Tuesday, September 16, 2014

The Tale of the Fox (Le Roman de Renard) Review

Director: Ladislas & Irene Starevich

Company: UFA

Year: 1937

Country: France, Germany

Obscure but historically important, this movie is like no other.

Although Disney's Snow White is often misidentified as the first full length animated film, there were actually eight other movies released before it. The Tale of the Fox was the sixth animated feature to be released. It was also the second to utilize stop-motion after the 1935 Soviet film, The New Gulliver. (Le Roman de Renard's animation was actually completed by 1930.) and the third to utilize sound. (However, the film did obtain a soundtrack until several years later due to funding issues.) The film was originally released in German (as funding was given by the National Socialist Regime) and later in French in 1941, which is the version currently available for home viewing. The movie is rather obscure outside of France today, likely because distribution was cut off due to WWII. This is truly a shame as director Ladislas Starevich was a true pioneer in his field, and Le Roman de Renard was his only full length feature.

Le Roman de Renard is based upon the medieval beast fable, Reynard the Fox. The story has been adapted into animated form several times. It was written as a political satire of aristocratic society which made the Reynard character popular among European peasants. Unlike many other 'modern' adaptations of the tale, Le Roman de Reynard remains very loyal to the original story and is aimed more at older audiences then at young children.

The original theatrical poster for the film.

The film begins with a narrator monkey operating a film camera.

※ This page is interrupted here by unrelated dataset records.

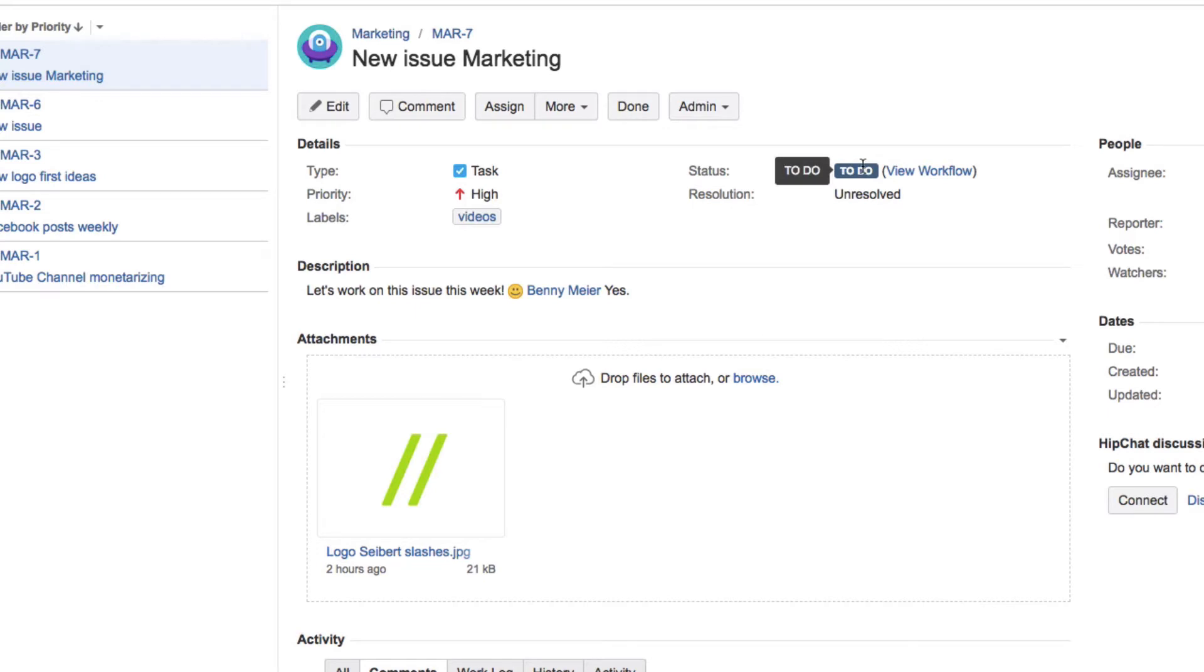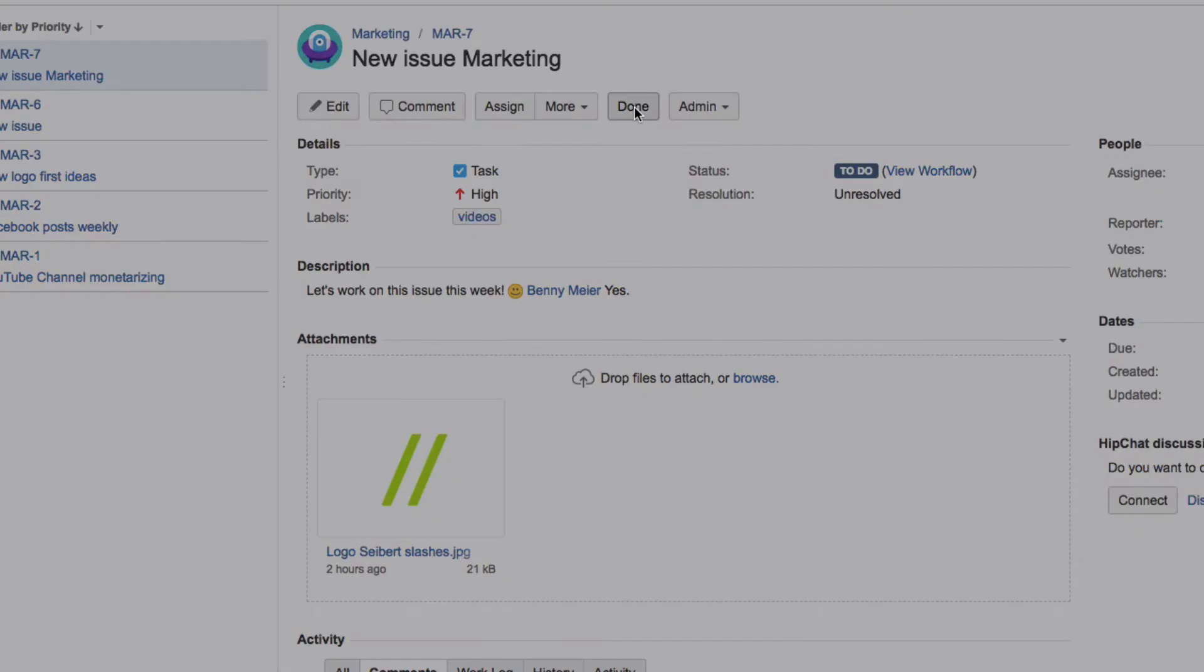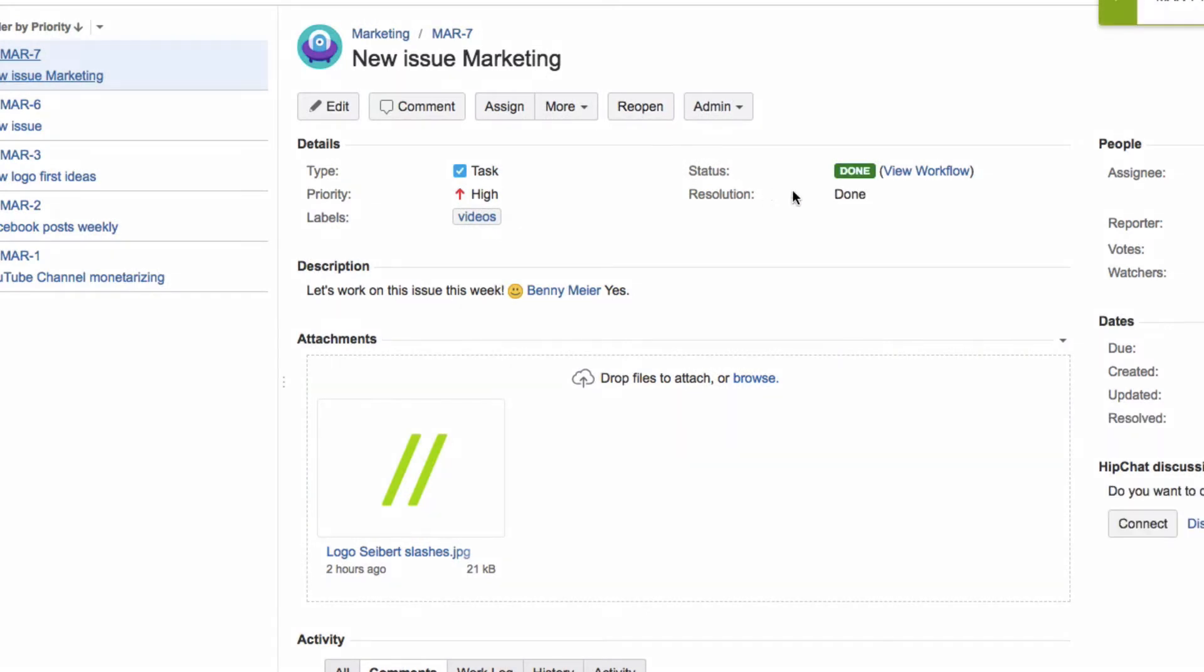If the issue is open, you will see the To Do status here in blue. When the issue is resolved, click on Done, and the status will be updated to display Done in green.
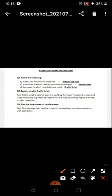First is name the following: A stick used by visually impaired. Stick visually impaired means blind people use, visually impairment is handicapped. White cane stick use.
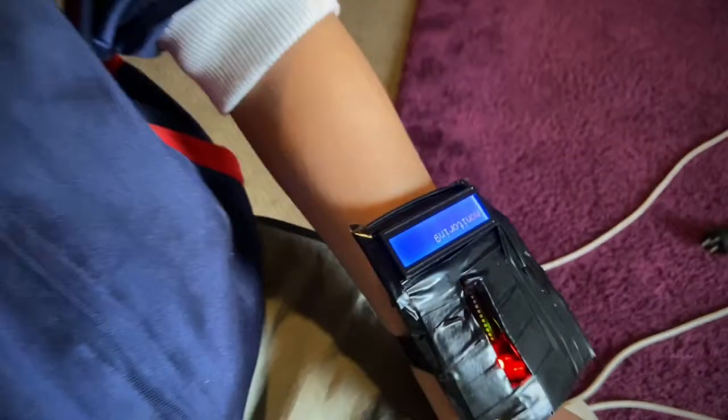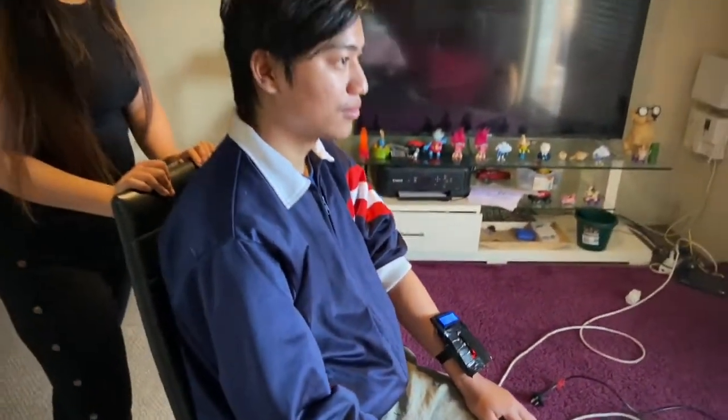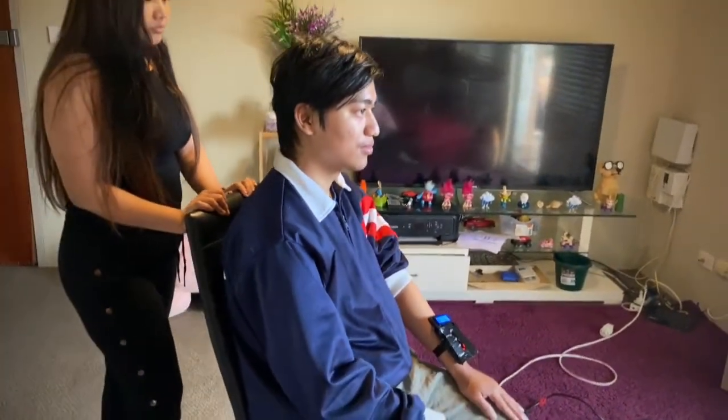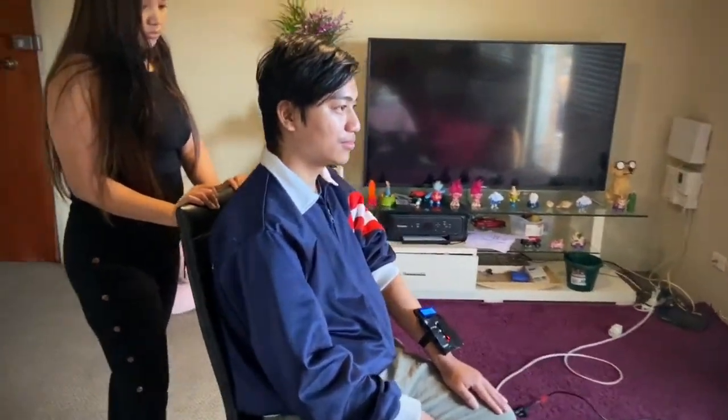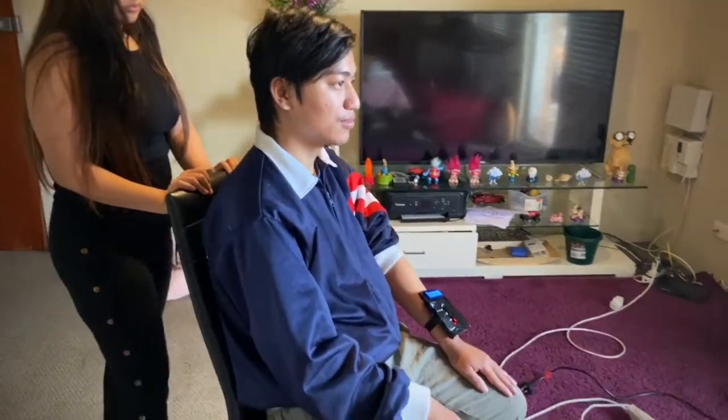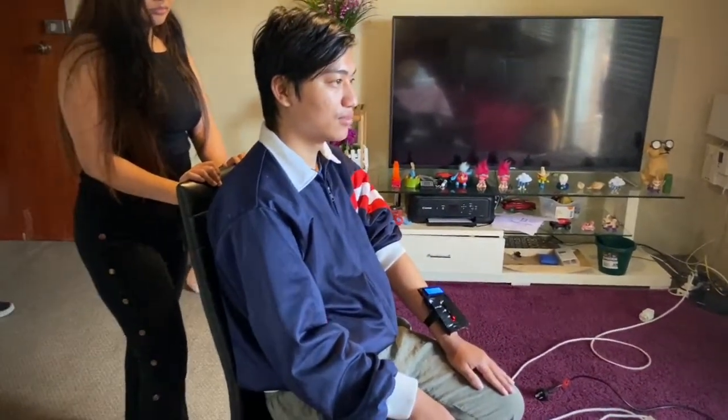So now I'm going to show how it works. I'm using my friend and he's wearing my device.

He tells the audience that he has a tale to share with them that is "the oldest and most beautiful story known to us animals." He opens a book introducing some of the film's main characters: the vain Monsieur Raven, Sir Cock and his wife Lady Hen, the fearful Hare, the king's guard dogs, Isengrim the Wolf, and finally Reynard himself. Reynard is very smart. Within the first five minutes of the film, he manages to steal a piece of cheese from Raven by flattering him. Isengrim is introduced as Reynard's rival. The wolf is larger and stronger than the fox, but not nearly as bright. One night, Isengrim plans to steal some fish off of Reynard for his family's dinner. Reynard then tricks the wolf into 'fishing' by claiming that by sticking his tail into a hole in the ice he can catch a large amount of fish to eat. In the end, Isengrim returns home with no dinner (and no tail) only to discover Reynard has stolen his food instead! (It should be noted that both of these episodes are also featured in Aesop's Fables.)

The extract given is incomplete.